WHAT YOU WILL DO ::
Set down the data again exactly. Pictures are not part of the copy.

GIVEN INFORMATION ::
>>>
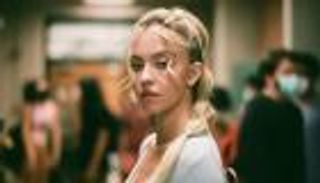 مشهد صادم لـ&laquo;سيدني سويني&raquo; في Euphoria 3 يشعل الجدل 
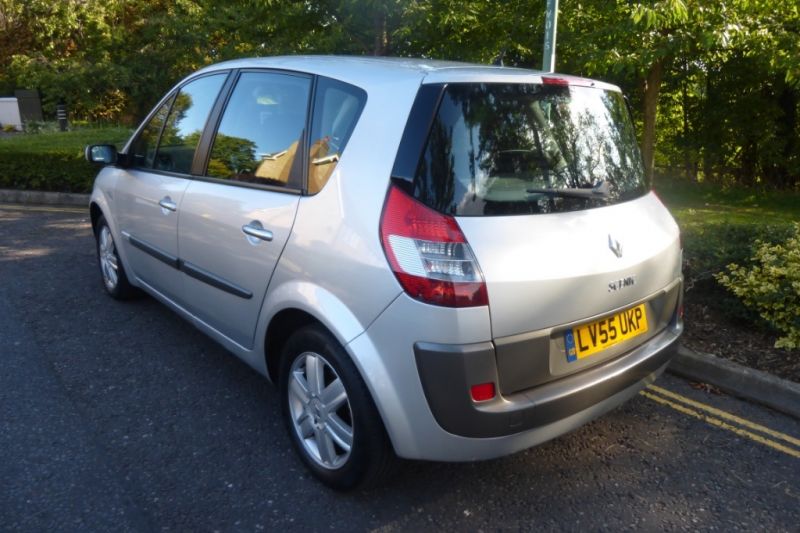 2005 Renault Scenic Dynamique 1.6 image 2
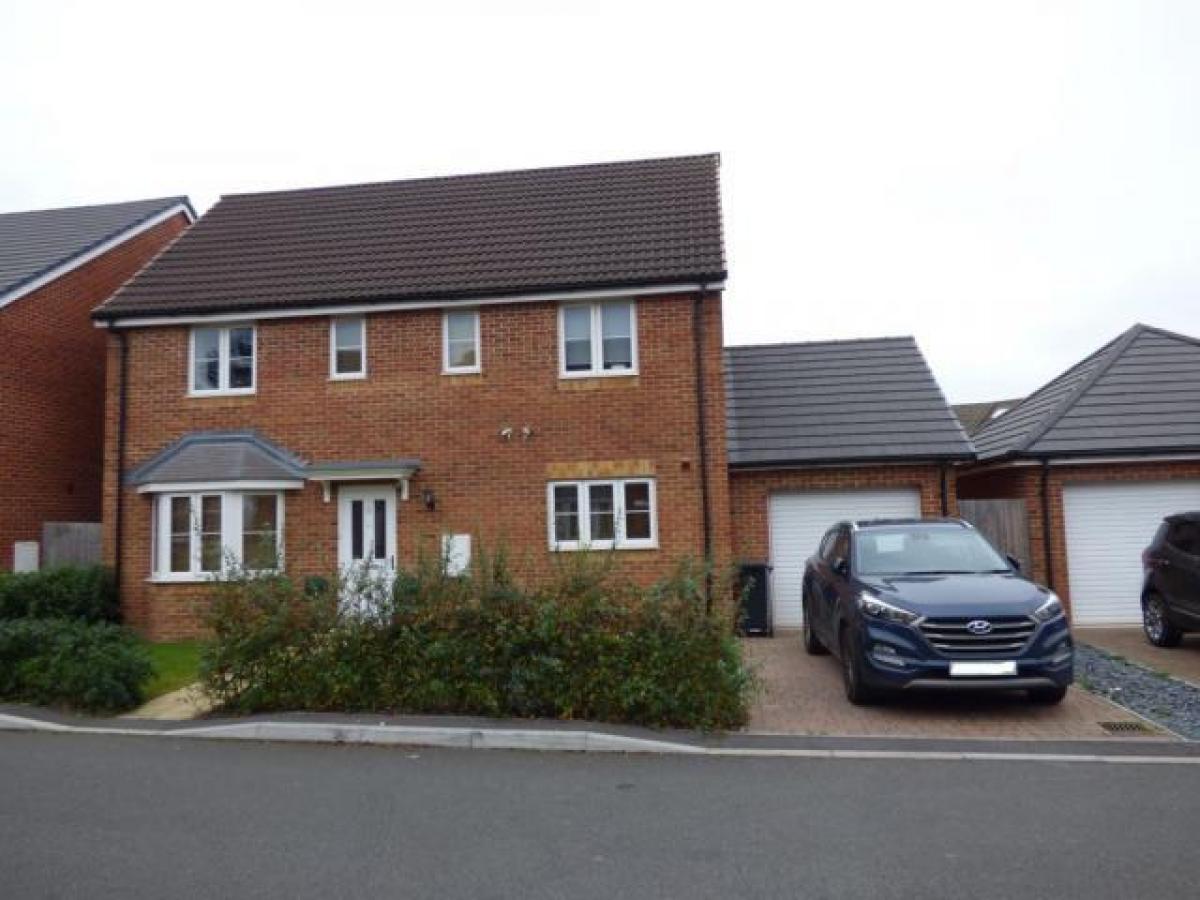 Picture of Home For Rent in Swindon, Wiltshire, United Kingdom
<<<
FINAL ANSWER ::
 مشهد صادم لـ&laquo;سيدني سويني&raquo; في Euphoria 3 يشعل الجدل 
 2005 Renault Scenic Dynamique 1.6 image 2
 Picture of Home For Rent in Swindon, Wiltshire, United Kingdom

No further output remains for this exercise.